Plato and Aristotle on Music Education
    "The standard by which music [i.e.,
mousikê, which for the Greeks was sung poetry] should be judged," Plato writes in the Laws, "is the pleasure it gives, but not the pleasure given to any and every auditor. We may take it that the finest music is that which delights the best men, the properly educated, that, above all, which pleases the one man who is supreme in goodness and education" (Laws 658e-659a). But the same may be said of actions, insofar as the morally best actions are those which delight the morally best persons and repulse the worst, while the worst actions are those which repulse the best while appealing to the worst.

    For the Greeks, a close connection exists between the ethical and the aesthetic. In classical Greek, the word kalos binds what we (as speakers of English) distinguish as the ethical and aesthetic. Kalos is often translated quite reasonably as "fair,"(13) and the fact that "fair" can mean either "just" (i.e., equitable) or "beautiful" suggests a connection between the aesthetic and the moral, as does the fact that the Hellenes regarded physical beauty as sharing the attribute of proper proportion with noble deeds, i.e., avoiding excess and deficiency.(14) Both the moral and aesthetic realms involve the exercise of judgment which must be cultivated if actions and works of art are to be properly evaluated as moral or beautiful.
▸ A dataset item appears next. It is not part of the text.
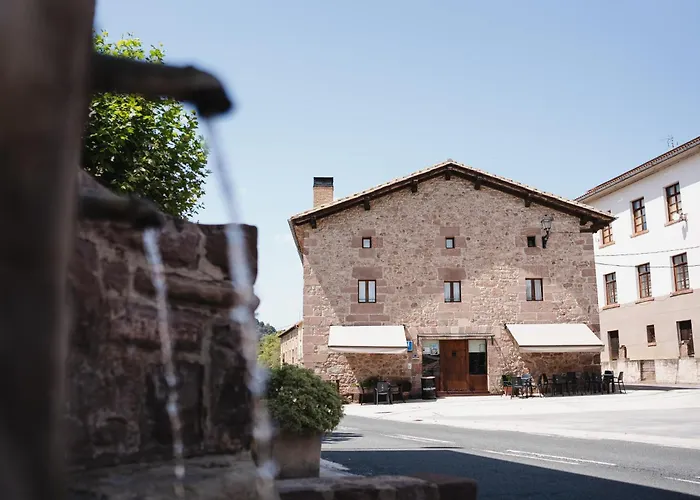 Hotel Rural LATORRIÉN DE ANE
We are all born, one might say, tasteless and undiscriminating, awaiting a civilizing influence.(15)

    For the Greeks, an essential component in a youth's education consisted of learning to associate pleasures and pains with the appropriate activities and experiences.(16) Both Plato and Aristotle (in consonance with popular Greek belief) argued for a close connection between music and moral character. To some extent, this claim can be attributed to the nature of ancient Greek music and the role it played in society. Edward Lippman notes:

"That the ethical effects of music described in ancient Greek literature and philosophy have been increasingly difficult to believe or to take at face value in more recent times may vary well be due to our neglect of certain important features of ancient music that we easily overlook in the perspective that has been produced by the independence of instrumental music, the autonomy of the aesthetic apprehension, and the predominance of listening over amateur performance. Inherent in the nature of ancient music was its existence in the context of a specific social or ritual occasion, the presence of words as an intrinsic part of the music, and the prevalence, finally, of participation over listening. When these features are taken into account, the ethical and emotional force of music, together with the defined character of this force, is not difficult to understand."(17)

Tocqueville was surely correct in saying that the writings of the ancients are "admirably calculated to counterbalance our peculiar defects."(18) However, since the Greek view on these topics seems alien to our own ways of thinking, we might ask whether the problem lies in our way of thinking or in theirs. Were the Greeks correct in postulating a close analogy between aesthetic experience and moral character, between mousikê and êthos?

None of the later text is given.